## Listed entries
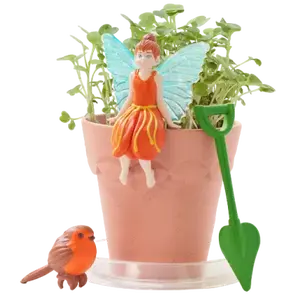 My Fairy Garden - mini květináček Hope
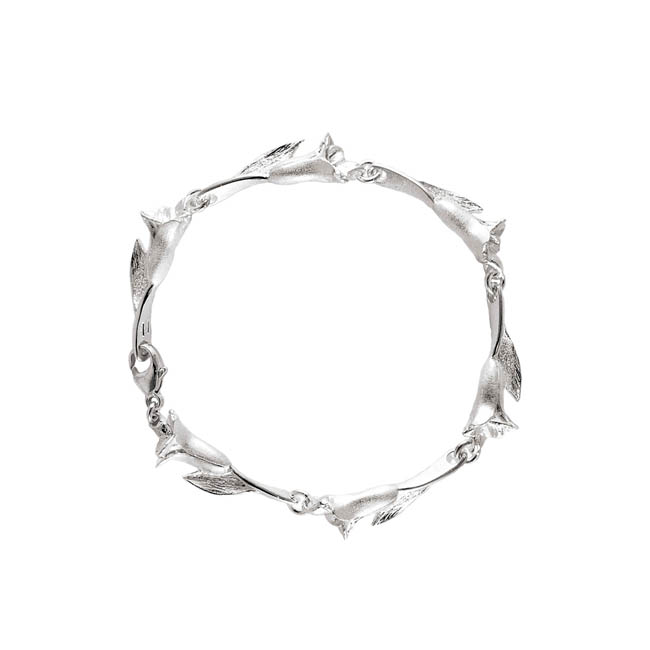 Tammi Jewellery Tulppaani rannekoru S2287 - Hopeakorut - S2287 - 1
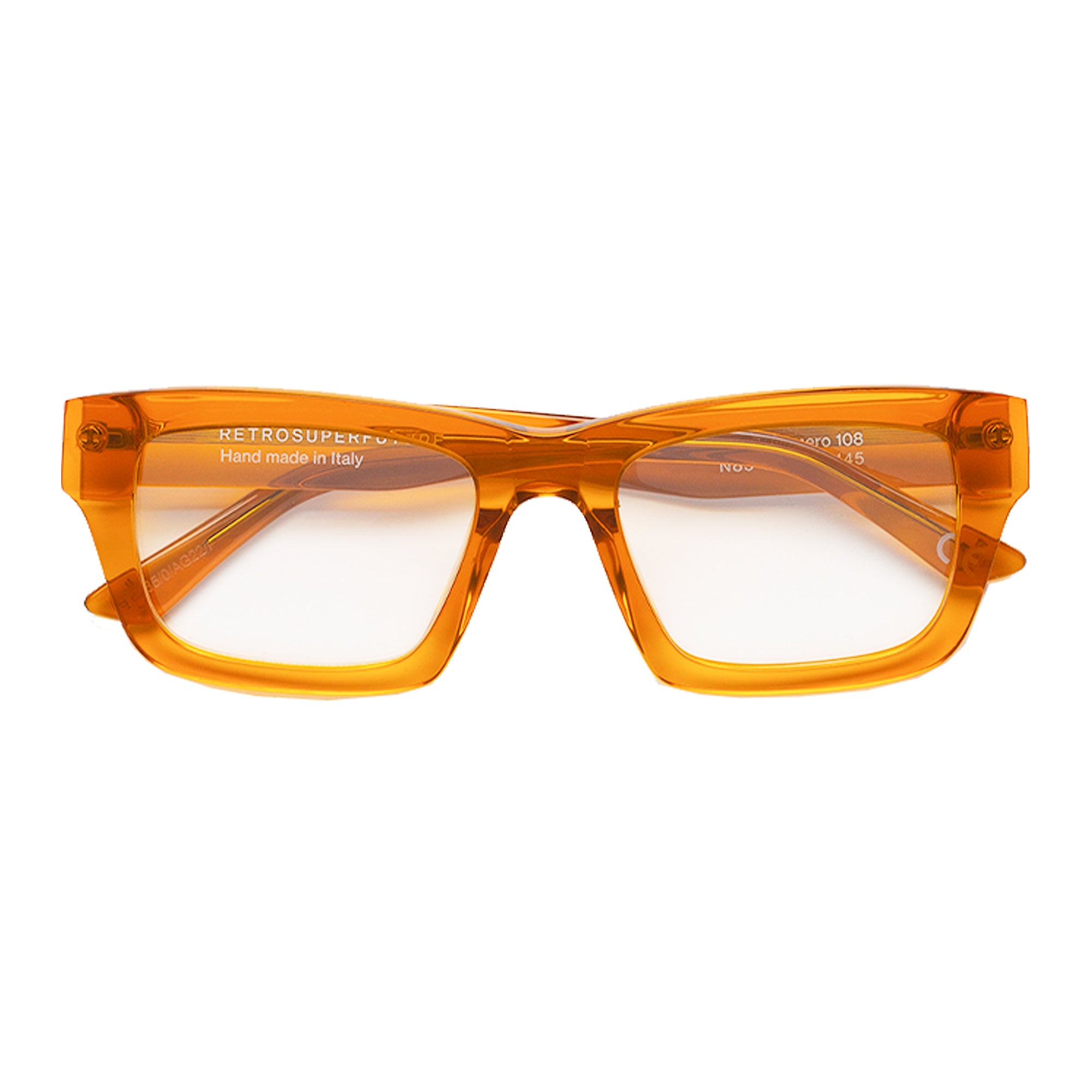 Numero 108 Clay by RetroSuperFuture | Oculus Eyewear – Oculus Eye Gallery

...

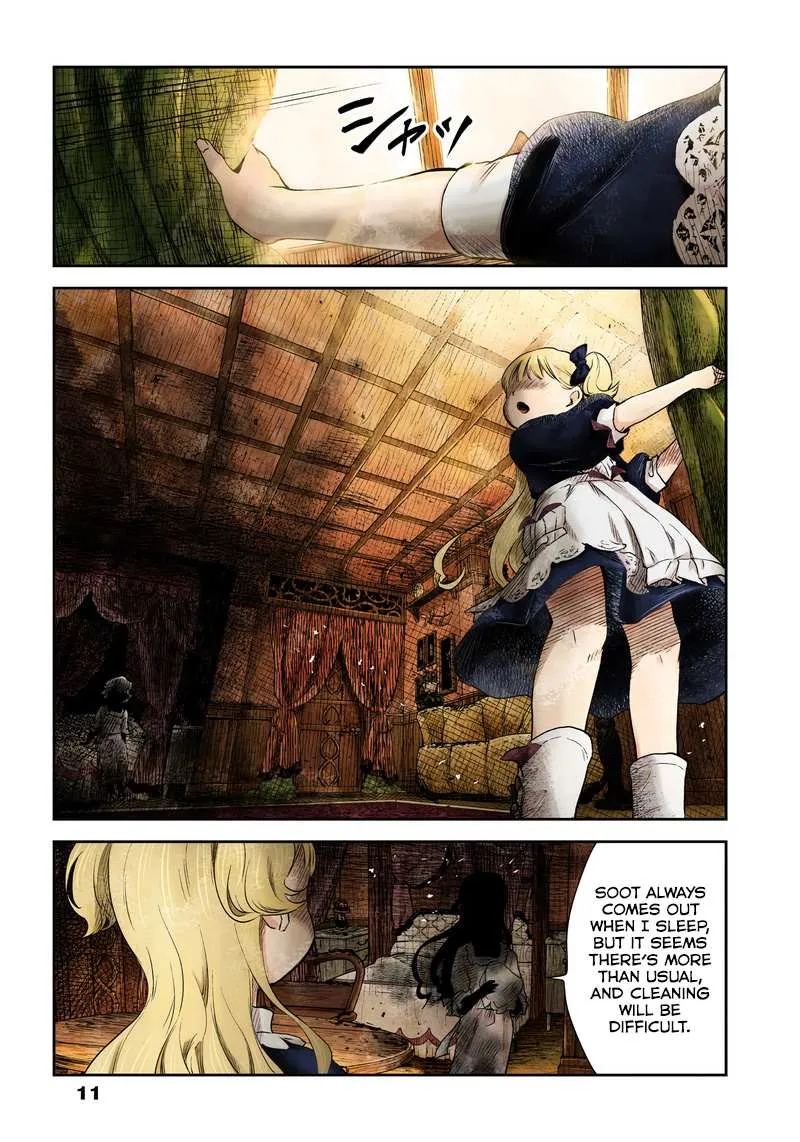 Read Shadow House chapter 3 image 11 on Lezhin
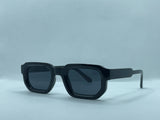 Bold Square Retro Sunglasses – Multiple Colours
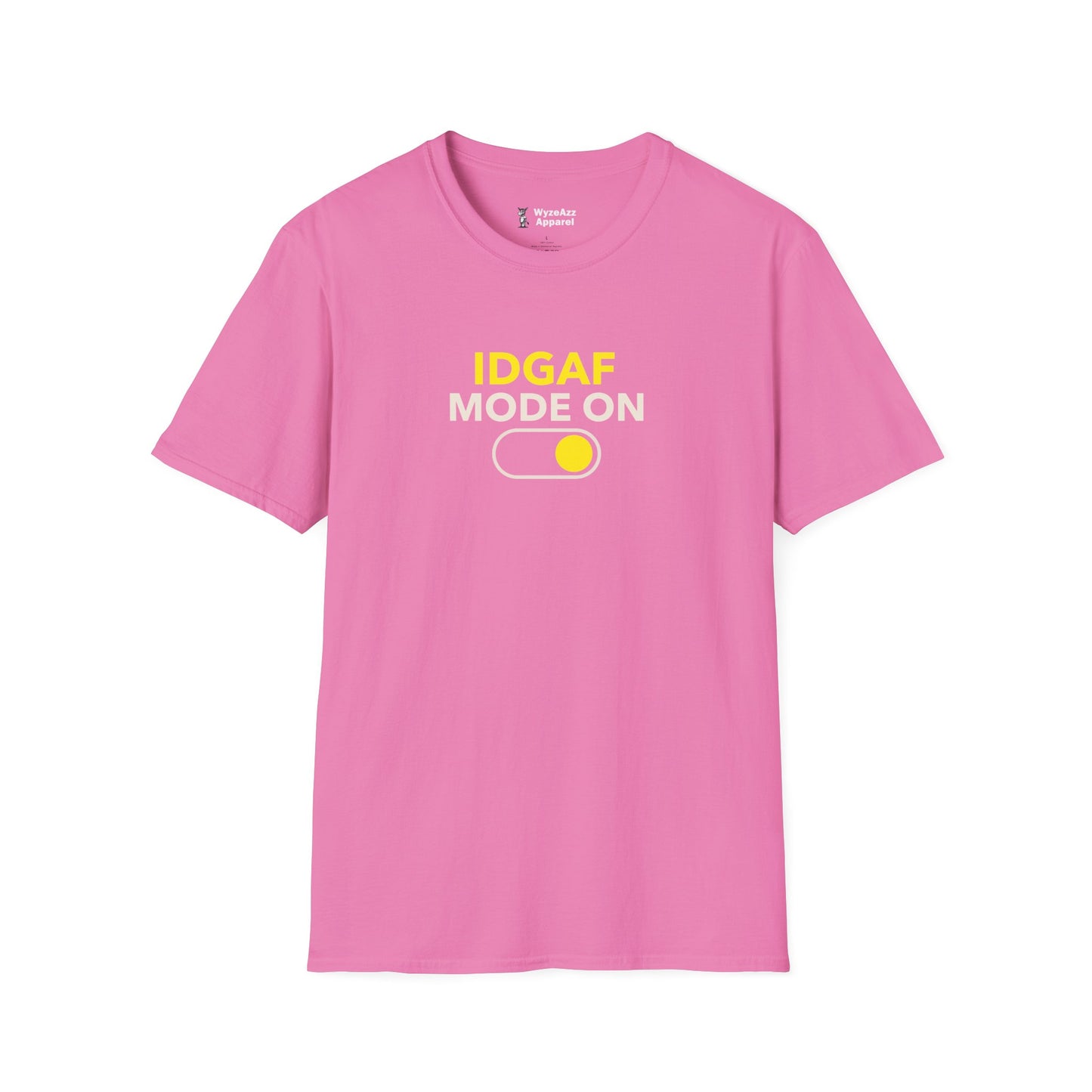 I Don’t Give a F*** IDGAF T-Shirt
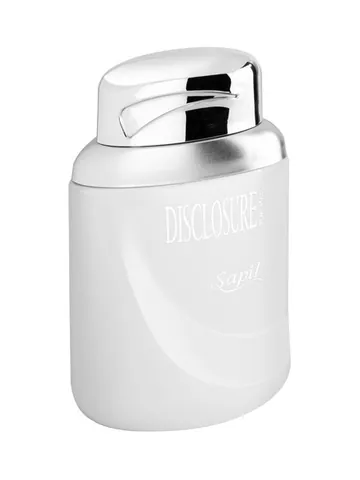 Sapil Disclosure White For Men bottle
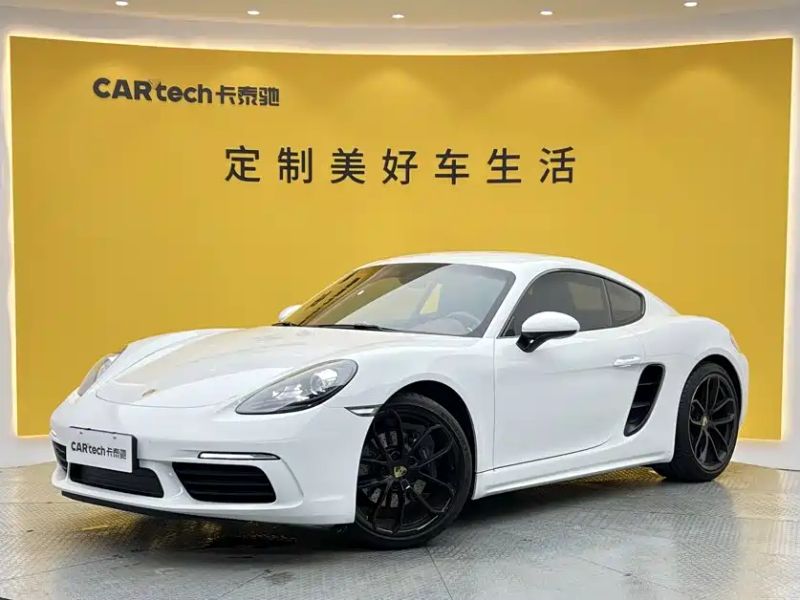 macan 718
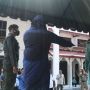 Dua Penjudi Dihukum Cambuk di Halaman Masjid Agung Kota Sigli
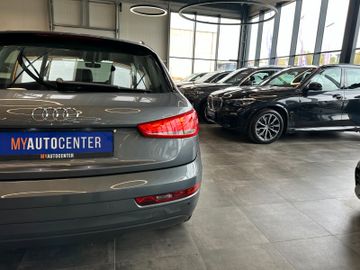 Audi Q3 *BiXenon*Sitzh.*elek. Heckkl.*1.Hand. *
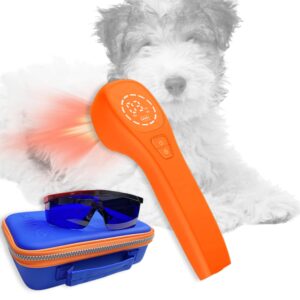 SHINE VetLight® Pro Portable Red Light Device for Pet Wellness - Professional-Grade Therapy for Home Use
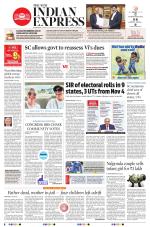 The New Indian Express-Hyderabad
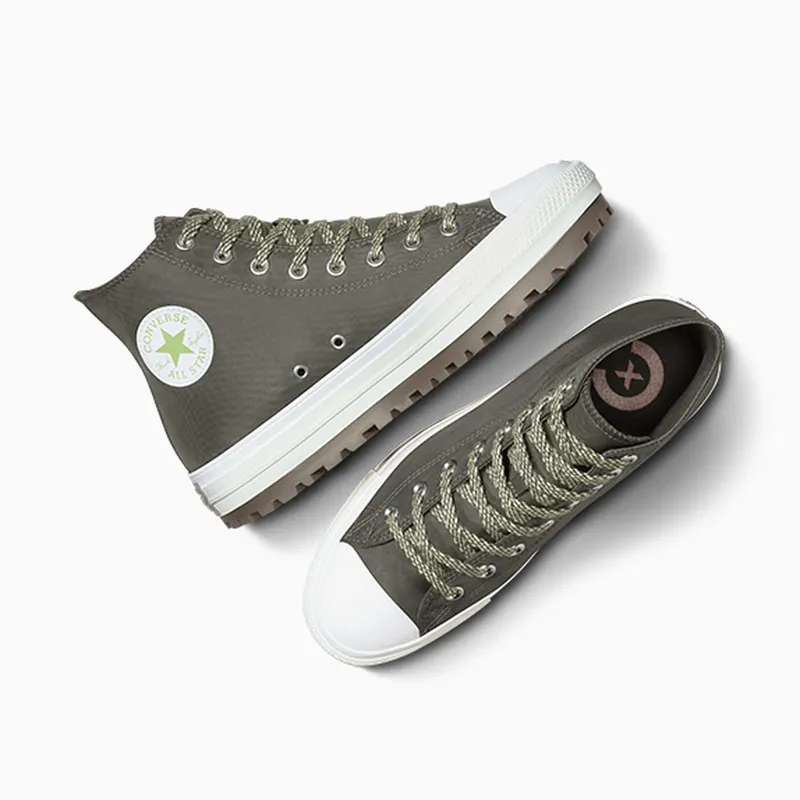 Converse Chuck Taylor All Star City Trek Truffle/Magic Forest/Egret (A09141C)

## Description of the task
From the records above, write out exactly the lines that begin at the line with "I Don’t Give a F*** IDGAF T-Shirt" and end at the line with "SHINE VetLight® Pro". Pictures must not appear in the output.

## Written response
 I Don’t Give a F*** IDGAF T-Shirt
 Sapil Disclosure White For Men bottle
 macan 718
 Dua Penjudi Dihukum Cambuk di Halaman Masjid Agung Kota Sigli
 Audi Q3 *BiXenon*Sitzh.*elek. Heckkl.*1.Hand. *
 SHINE VetLight® Pro Portable Red Light Device for Pet Wellness - Professional-Grade Therapy for Home Use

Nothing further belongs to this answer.